高稼働率で事業化を後押し!

EPC企業を惹きつけるファーウェイの蓄電設備

鍵を握る高稼働率

こうしたファーウェイの大型蓄電設備に対して、髙橋社長は「蓄電池の個別制御や個別空調式を導入するなどの放熱設計といった設計思想に共感しました」と話す。というのも、蓄電設備の普及が本格化するうえでは高い稼働率が鍵を握ると考えているからだ。

「今後蓄電設備は市場取引を含む多様な用途に活用されることから、安定運用が強く求められるはずです。運転を安定的に継続するためには、蓄電池の熱対策は重要な要素であり、ファーウェイの設計思想はその潮流に合致していると思います」(髙橋社長)。

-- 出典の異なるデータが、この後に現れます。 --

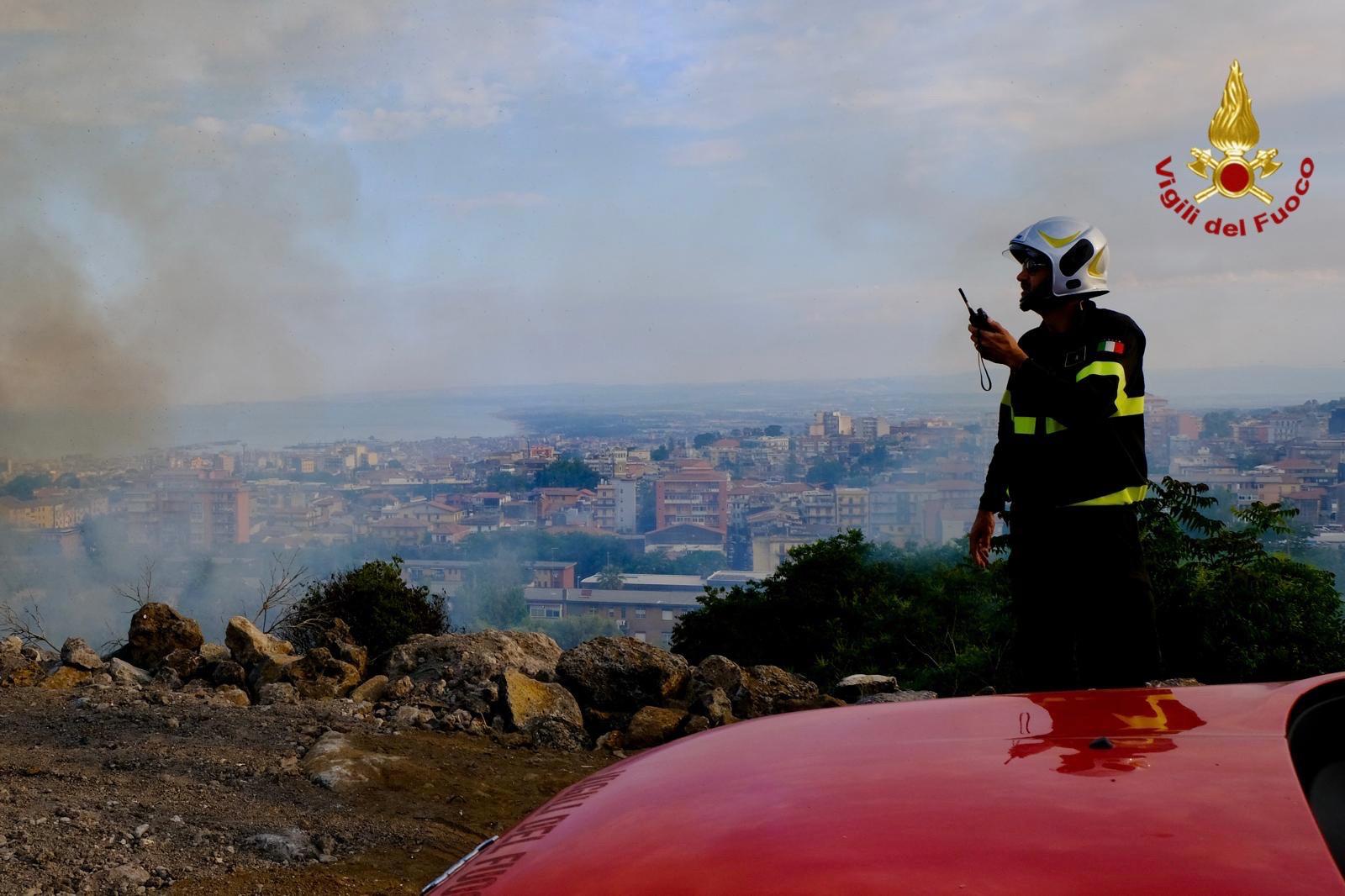 Incendio alla Timpa di Canalicchio, fiamme nella zona naturalistica tra Catania e Battiati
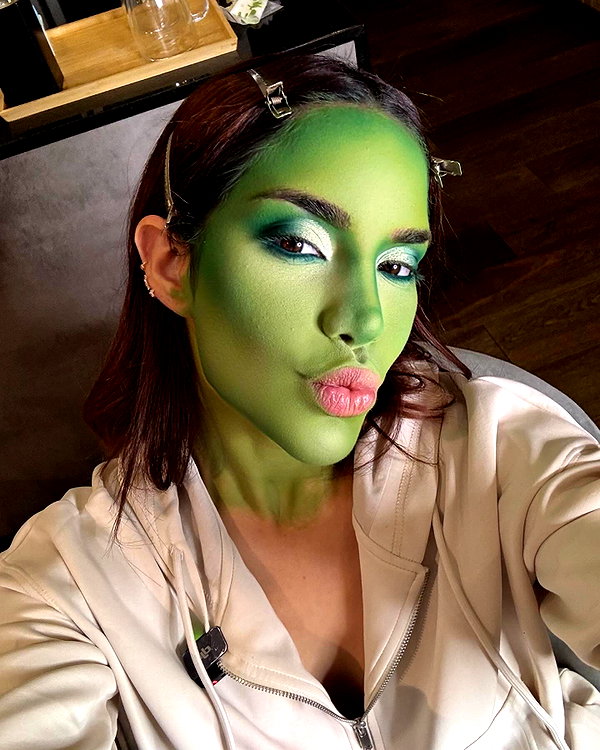 kimberly.loaiza instagram image archive image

事実、ファーウェイの大型蓄電設備は、先述の蓄電池の個別制御や個別空調式の導入に加え、AI(人工知能)技術を活用した内部短絡の自動検出保護機能や火災リスクの予知機能などが搭載されたことによって、安全性や信頼性を向上させた。さらに、コンテナ内部の状態を遠隔でも3Dで可視化した形で確認できるうえ、蓄電池を細分化していることから万が一の故障時にも交換による影響を最小限にとどめられるなど、O&M(管理・保守)業務の効率化も実現。これらデジタル技術とパワエレ技術の融合によって蓄電設備の稼働率は99.9%に達するという。

オルテナジーは今後、PPA事業やEPC事業で蓄電設備の提案を強めていく方針だ。向こう2年で産業用蓄電設備市場が本格始動すると想定しているようで、髙橋社長は、「大型蓄電設備も中型蓄電設備も製品として申し分ありません。お互いの協力関係を深化させながら新たな市場を開拓していきたいです」と意気込む。

ともあれ、これからの蓄電設備はBCP(事業継続計画)対策やピークカット、ピークシフトにとどまらず、自家消費率向上や脱炭素化、卸市場価格に合わせた充放電制御を行うアービトラージ(裁定取引)など、市場取引を目的にする機会が増えるはずだ。いずれも収益性を含めた導入効果を最大化するためには安定稼働が欠かせない。ファーウェイの蓄電設備が選ばれる理由の一つと言えそうだ。